Soon, the road sides began to be dotted with bonnet macaques. Or in plain words – monkeys. Large joint families of monkeys sat by the road, eliciting angry comments from us. The husband and I were no big fans of this species. Neither was my dad. The only person who seemed to be all bright-eyed with the appearance of the monkeys was my mom. (And my son, but we shall not consider a two-year old’s definition of ‘interesting’ here)
“I love monkeys,” she said fondly. “Their activities are so endearing!”
We refrained from replying back. To make matters worse, people who were visiting the temples inside the jungle provided the monkeys with food. They sat bang in the middle of the road, enjoying their feast, turning a blind eye and a deaf ear to approaching vehicles. As we didn’t want to honk the car-horn in the jungle, the husband had to drive carefully not to run over their tails.
Ma saw them tearing away at the food and came up with “We should have got some food for these poor creatures.” And then again, “Look how expectantly they are looking up at us, with so much hope.”
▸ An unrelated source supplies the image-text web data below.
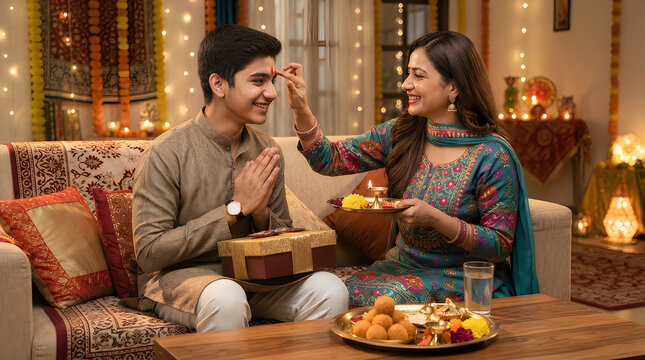 Indian sister applying tilak to her brother during raksha bandhan festival celebration at home with traditional sweets and festive lights in the background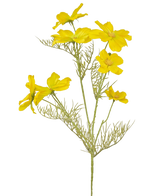 Artificial Flower Cosmos 74 cm gul har lyse gule blomster og sarte, fjergrønne blade på slanke stængler - perfekt til at skabe en buket mod en almindelig hvid baggrund.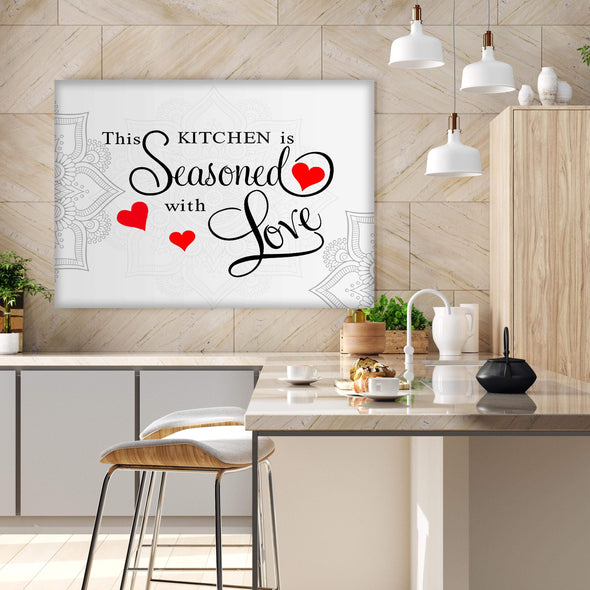 Canvas For Kitchen Seasoned With Love Wall Canvas For Kitchen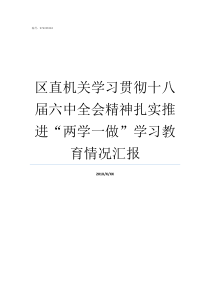 区直机关学习贯彻十八届六中全会精神扎实推进两学一做学习教育情况汇报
We decided to ignore her totally. In some time, we reached a temple by the side of the river Cauvery and stopped the car. The husband wanted to take a walk by the river side and we were glad of an opportunity to stretch our limbs. I told Ma to give her purse to Deta as a precaution against a possible monkey attack. The husband and I then walked in front with our little brat while Ma and Deta followed us.
A few seconds later, I heard a gasp behind me and turned around to see a huge monkey swinging off a tree to land near my parents. That gasp had come from Ma. She stood rooted to the spot at the sight of the simian. Deta, who was known for ‘violent actions against monkeys’, controlled his urge and walked off briskly, taking Ma by her elbow. The monkey would not give up. It started stalking Ma and Deta resolutely. Sometimes, it would a go a step further and park itself on the ground, blocking Ma and Deta’s path. The monkey would then sit and stare at them, without batting an eyelid.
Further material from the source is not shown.